Web lists-archives.com

Re: [PATCH 2/2] index-pack: prefetch missing REF_DELTA bases




On Mon, May 20, 2019 at 07:04:14PM -0400, Nicolas Pitre wrote:

> > That still has some value even if your commit ends up with a question
> > mark. There's not much to dig out of 636171cb80 (make index-pack able
> > to complete thin packs., 2006-10-25).
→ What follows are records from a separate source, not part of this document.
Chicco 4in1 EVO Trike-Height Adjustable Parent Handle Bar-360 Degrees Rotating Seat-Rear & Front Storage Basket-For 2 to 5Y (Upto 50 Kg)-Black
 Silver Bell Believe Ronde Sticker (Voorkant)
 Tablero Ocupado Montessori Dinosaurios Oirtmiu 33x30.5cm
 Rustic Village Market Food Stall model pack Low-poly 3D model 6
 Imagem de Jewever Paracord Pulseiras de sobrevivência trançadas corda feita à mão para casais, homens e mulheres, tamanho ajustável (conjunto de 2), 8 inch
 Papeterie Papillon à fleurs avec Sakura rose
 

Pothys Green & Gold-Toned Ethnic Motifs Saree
Adding Nico, maybe he still
> > remembers...
> 
> What about this comment in fix_unresolved_deltas():
> 
>         /*
>          * Since many unresolved deltas may well be themselves base objects
>          * for more unresolved deltas, we really want to include the
>          * smallest number of base objects that would cover as much delta
>          * as possible by picking the
>          * trunc deltas first, allowing for other deltas to resolve without
>          * additional base objects.  Since most base objects are to be found
>          * before deltas depending on them, a good heuristic is to start
>          * resolving deltas in the same order as their position in the pack.
>          */
> 
> Doesn't that cover it?

Hmm. It does help, but only because my earlier comments were actually
wrong. I was claiming that index-pack would not be able to resolve "A"
from the delta chain when A is a regular delta, B is a thin delta, and C
is not in the pack.

Because I did not see how we would ever find base "B" in that third pass
of fix_unresolved_deltas(), because we look only for objects we already
have on disk.

But I think the trick that I was missing is that if we see "B" first,
we'll resolve it against C that we already have, but then we'll _also_
look for children that this now enables us to resolve. So we'd resolve
"A" at that point, and then when we later hit "A" in the loop from
fix_unresolved_deltas(), we skip it because of this:

   if (objects[d->obj_no].real_type != OBJ_REF_DELTA)
	continue;

So this situation _can_ happen, and we do handle it properly. I don't
know why the tests I showed in [1] didn't work. Obviously I botched
something.

I'm still not quite sure what would happen if we see "A" first (i.e.,
the delta is physically in the pack before its base, "B") and both are
REF_DELTA. Right now we'd skip over A, knowing that we don't have B. And
then when we get to B, we'd correctly resolve A on top of it (and if we
have no such B, we'd eventually complain "hey, there are still some
unresolved deltas").

But what happens if we _do_ have "B", but we just weren't able to tell
the sender for some reason (e.g., it's unreferenced). We'd add a new
copy of "B" to the pack while resolving "A", as part of --fix-thin. And
then when we resolve "B", we'd get _another_ copy of "B" in the pack,
and our result would have a duplicate.

I don't think this happens in practice because we'd generally use
OFS_DELTA in the first place these days. And even for REF_DELTA, I think
we prefer to put bases before their deltas (i.e., we'd always see "B"
before "A"). But I think if we ever _did_ see it (alternate
implementation? malicious packfile?) we'd generate duplicates. I _think_
that would then cause us to barf due to the duplicate check from
68be2fea50 (receive-pack, fetch-pack: reject bogus pack that records
objects twice, 2011-11-16).

And that's true today, even without Jonathan's on-demand fetching patch.
So I don't think that materially changes the requirements for
correctness. It does mean that we might fetch (but not use!) a thin base
we don't need, but only if the sender uses REF_DELTA for non-thin
deltas, which we wouldn't normally do.

-Peff

[1] https://public-inbox.org/git/20190517043939.GA12063@xxxxxxxxxxxxxxxxxxxxx/